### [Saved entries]
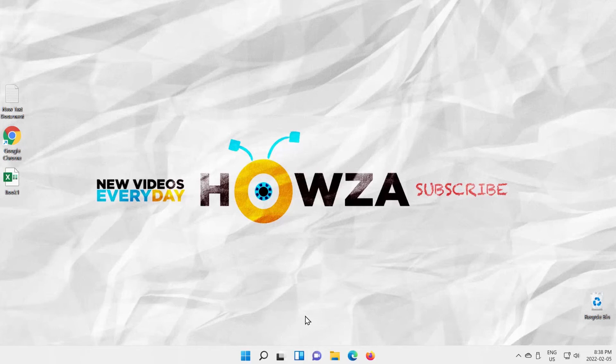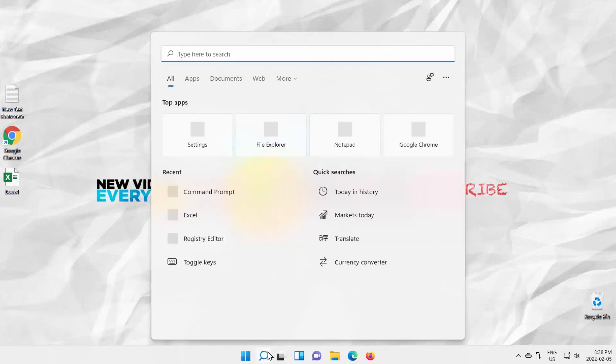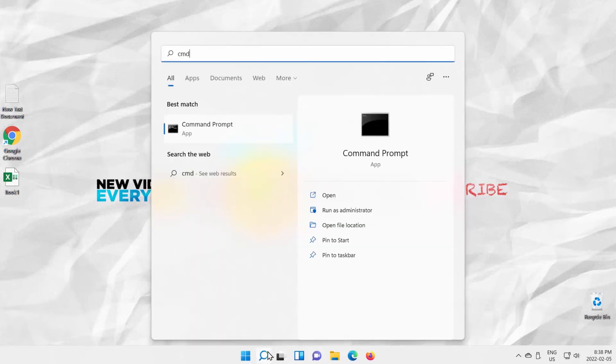So, you must be wondering how to check whether it is supported or not on your laptop. Go to Taskbar Search. Type CMD.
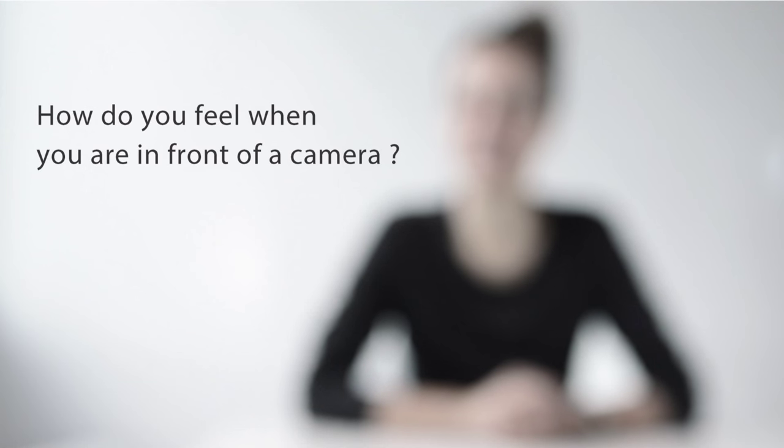How do you feel when you're in front of a camera? I feel quite awkward. Sometimes the results are bad and I don't think I'm very photogenic.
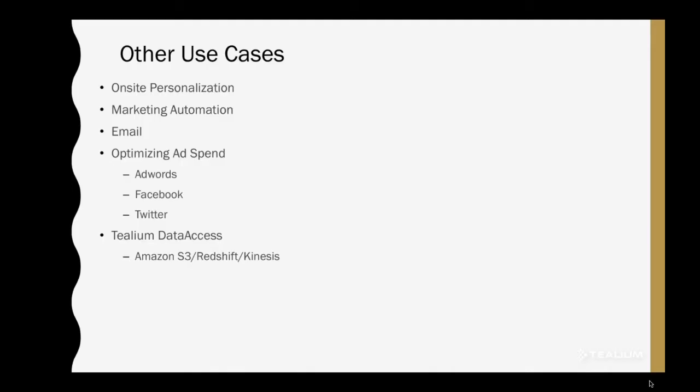Other use cases, as I had mentioned while we were in the UDH UI, on-site personalization. An example would be understanding that a person had just called, knowing what they did call about. What was the purpose of their call? Reinforcing some support messaging around them. Marketing automation, email. Sending a personalized email even after the call was completed, right? Just a real-time email saying thank you for your call.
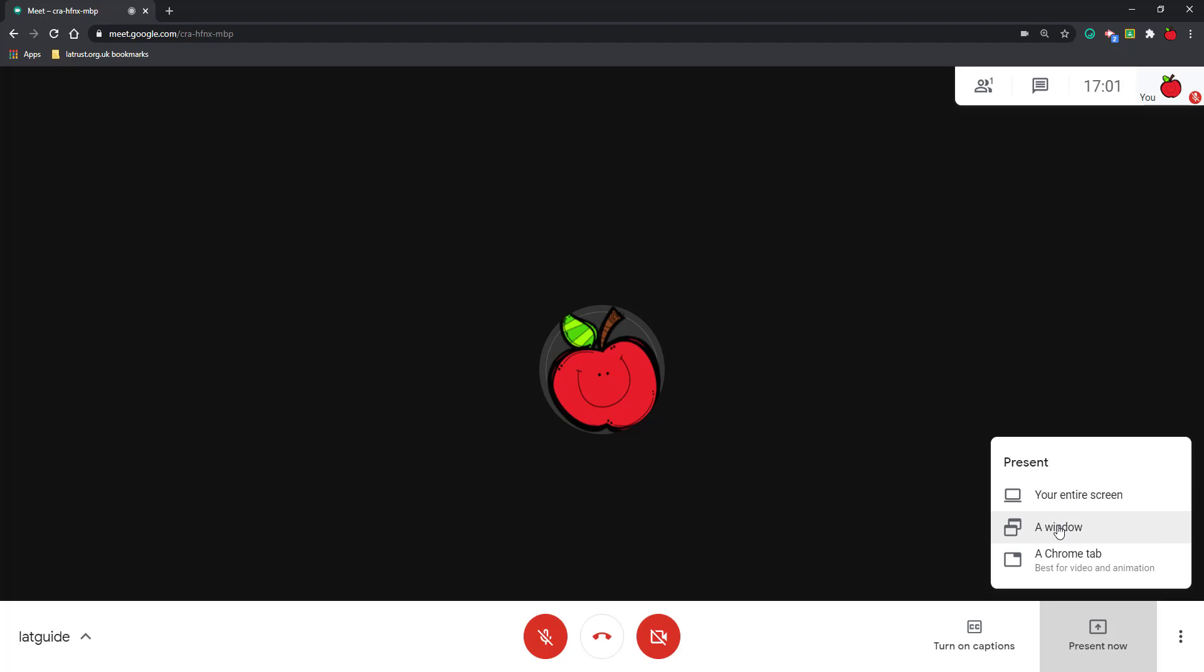If you just want to present a window, that means that when you're presenting, you can do activities on other windows without your participants seeing. And lastly, you can share a Chrome tab, and as it says, this is best for video and animation.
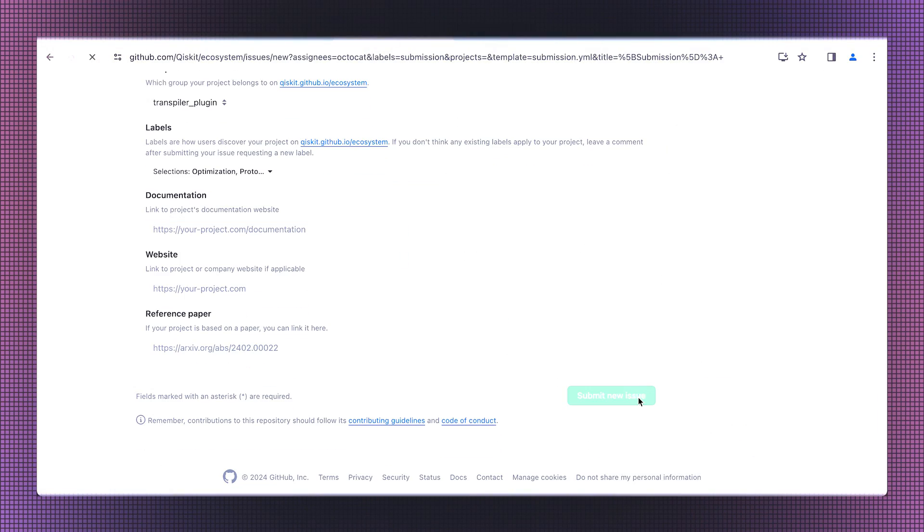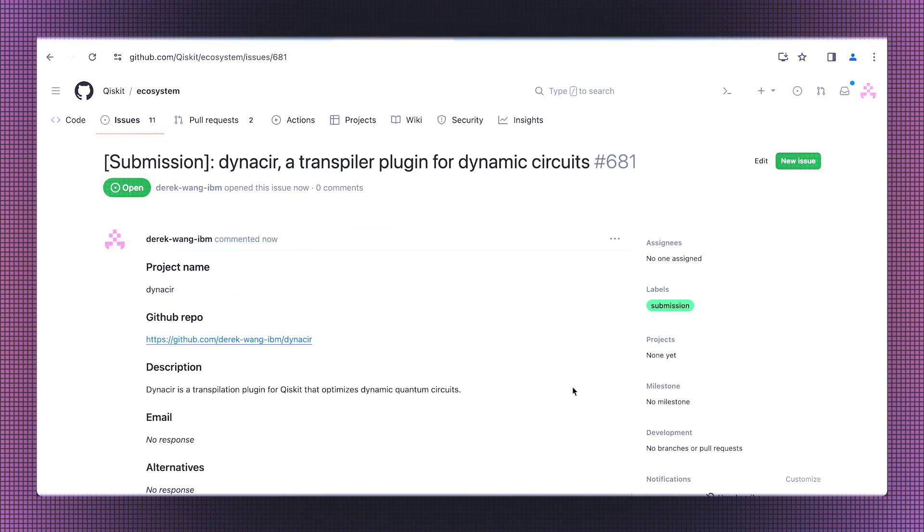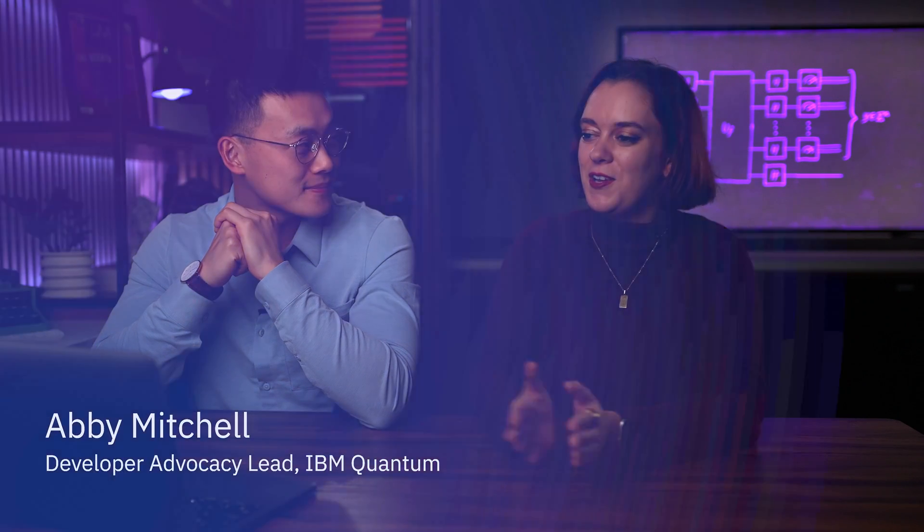We'll use devices with over 100 qubits using the latest error suppression and mitigation techniques. And I'll be learning how to contribute to the Qiskit ecosystem with the help of open-source extraordinaire, Abby Mitchell.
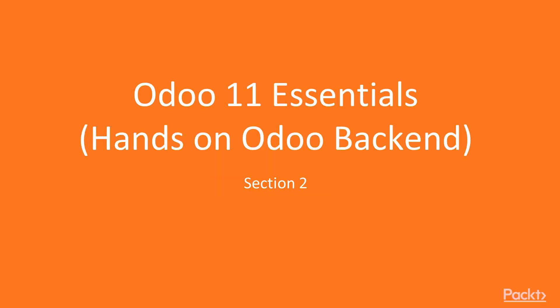Hello, this is Odoo 11 Essentials section number 2 Hands-on Odoo Backend.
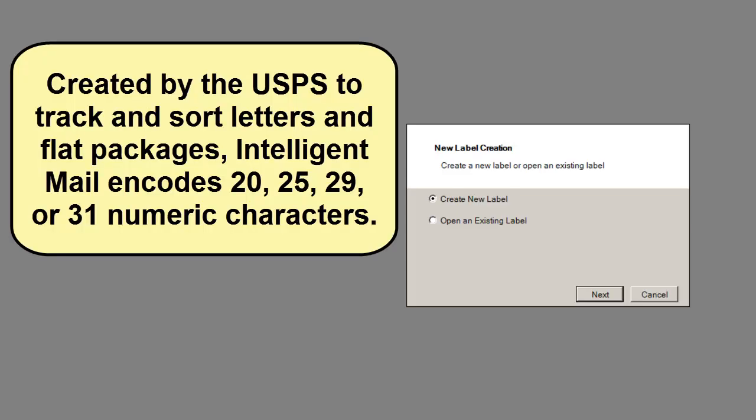Created by the United States Postal Service to track and sort letters and flat packages, Intelligent Mail encodes 20, 25, 29, or 31 numeric characters.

### [What is required]
The records above, minus their pictures, are to be returned verbatim.

### [Finished task]
So, you must be wondering how to check whether it is supported or not on your laptop. Go to Taskbar Search. Type CMD.
How do you feel when you're in front of a camera? I feel quite awkward. Sometimes the results are bad and I don't think I'm very photogenic.
Other use cases, as I had mentioned while we were in the UDH UI, on-site personalization. An example would be understanding that a person had just called, knowing what they did call about. What was the purpose of their call? Reinforcing some support messaging around them. Marketing automation, email. Sending a personalized email even after the call was completed, right? Just a real-time email saying thank you for your call.
If you just want to present a window, that means that when you're presenting, you can do activities on other windows without your participants seeing. And lastly, you can share a Chrome tab, and as it says, this is best for video and animation.
We'll use devices with over 100 qubits using the latest error suppression and mitigation techniques. And I'll be learning how to contribute to the Qiskit ecosystem with the help of open-source extraordinaire, Abby Mitchell.
Hello, this is Odoo 11 Essentials section number 2 Hands-on Odoo Backend.
Created by the United States Postal Service to track and sort letters and flat packages, Intelligent Mail encodes 20, 25, 29, or 31 numeric characters.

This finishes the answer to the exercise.